Mysql – Is it safe to run parallel innodb single-transaction dumps of individual tables

backupinnodbMySQLmysqldump

I can't seem to find the internals for –single-transaction mysqldump option for InnoDB tables, but is it possible to use –single-transaction for single tables in a parallel dump so that the –single-transaction only affects the current table I'm dumping and it is safe to run in parallel for quicker dumps? I tested this on a development server and works well but without knowing the internal locking methods I am worried to use it in production

Best Answer

While parallel --single-transaction dumps on tables are possible, there are many things you must take under consideration:

InnoDB Buffer Pool

When you mysqldump a single table, the connection launches a START TRANSACTION followed by SELECT /*!40001 SQL_NO_CACHE */ ..... Naturally, this will push all data pages for the dumped table through the InnoDB Buffer Pool. Launching parallel dumps would just make the Buffer Pool become a funnel because of passing multiple tables through it. The combined time of each table dump may not necessarily be be less that dumping all the table sequentially if the combined size of the table is greater than innodb_buffer_pool_size.

Binary Log Position

When doing parallel dumps with --master-data on a DB Server with binary logging enabled, you will quickly realize that the dump of each table is not perfectly consistent. Why ? When launching a mysqldump of everything, lines 23-25 will contain a CHANGE MASTER TO command before the dump data/schema. Each dump will have a different master_log_pos, especially coming from a live system.

Locking

You had made for following statement

I tested this on a development server and works well but without knowing the internal locking methods I am worried to use it in production

Performing a single transaction dump does not trigger any kind of locking. According to the MySQL Documentation on --single-transaction:

While a --single-transaction dump is in process, to ensure a valid dump file (correct table contents and binary log coordinates), no other connection should use the following statements: ALTER TABLE, CREATE TABLE, DROP TABLE, RENAME TABLE, TRUNCATE TABLE. A consistent read is not isolated from those statements, so use of them on a table to be dumped can cause the SELECT that is performed by mysqldump to retrieve the table contents to obtain incorrect contents or fail.

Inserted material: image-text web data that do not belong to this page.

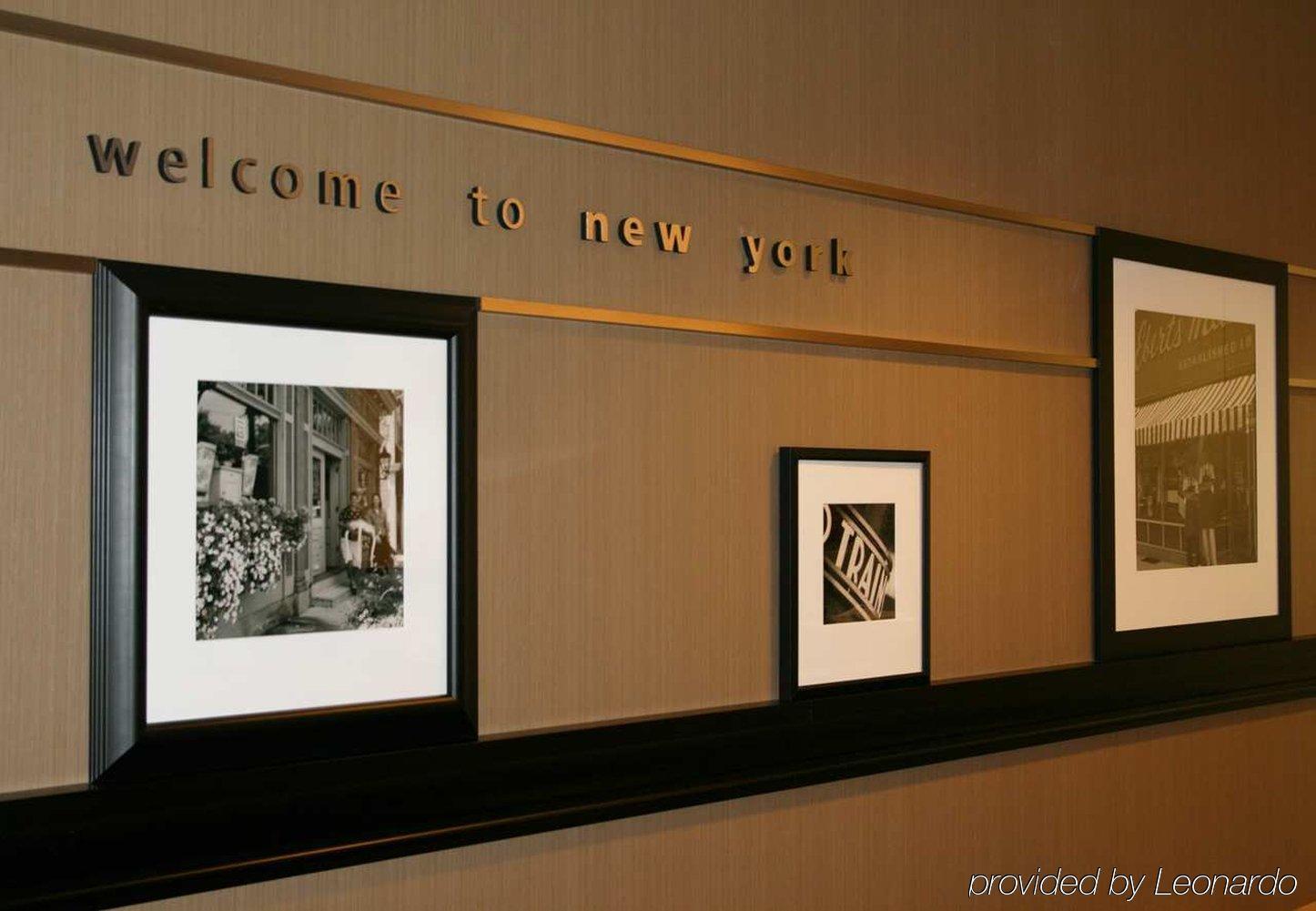 Hampton Inn Manhattan - Times Square South New York Exterior foto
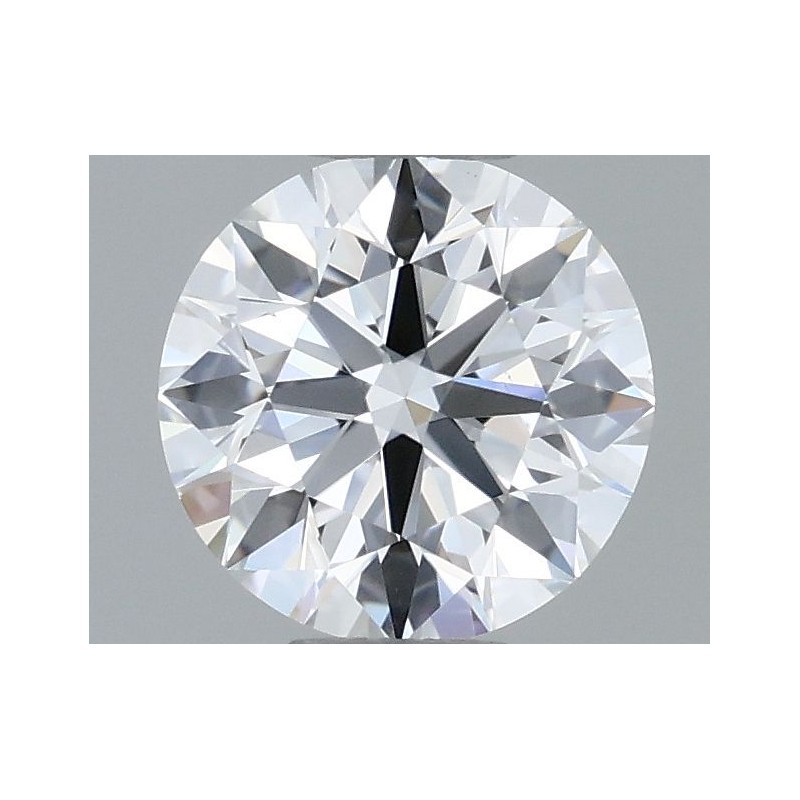 Diament szlif okrągły, 0.5ct, VS2, E, GIA 2537671604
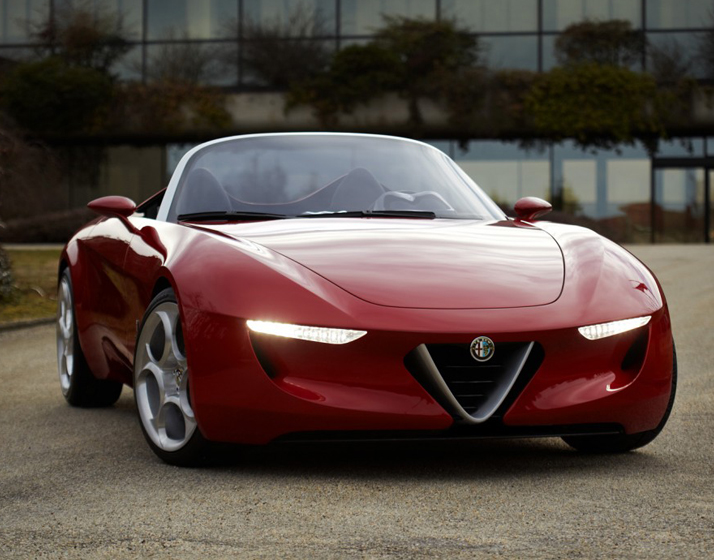 Alfa Romeo 2uettottanta 006 Alfa Romeo 2uettottanta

The --single-transaction option and the --lock-tables option are mutually exclusive because LOCK TABLES causes any pending transactions to be committed implicitly.

SUGGESTION

I have recommended doing parallel dumps in the past (See my old post How can I optimize a mysqldump of a large database? under the heading Option 3 : mysqldump separate tables into separate data files)

If you want to launch parallel dumps of tables in Production, it is best to setup MySQL Replication. Then on the Backup Slave, you can do the following:

  • STOP SLAVE IO_THREAD;
  • Wait until the SQL Thread stops processing (SHOW SLAVE STATUS\G shows that Exec_Master_Log_Pos stops changing)
  • Perform parallel dumps
  • START SLAVE;

GIVE IT A TRY !!!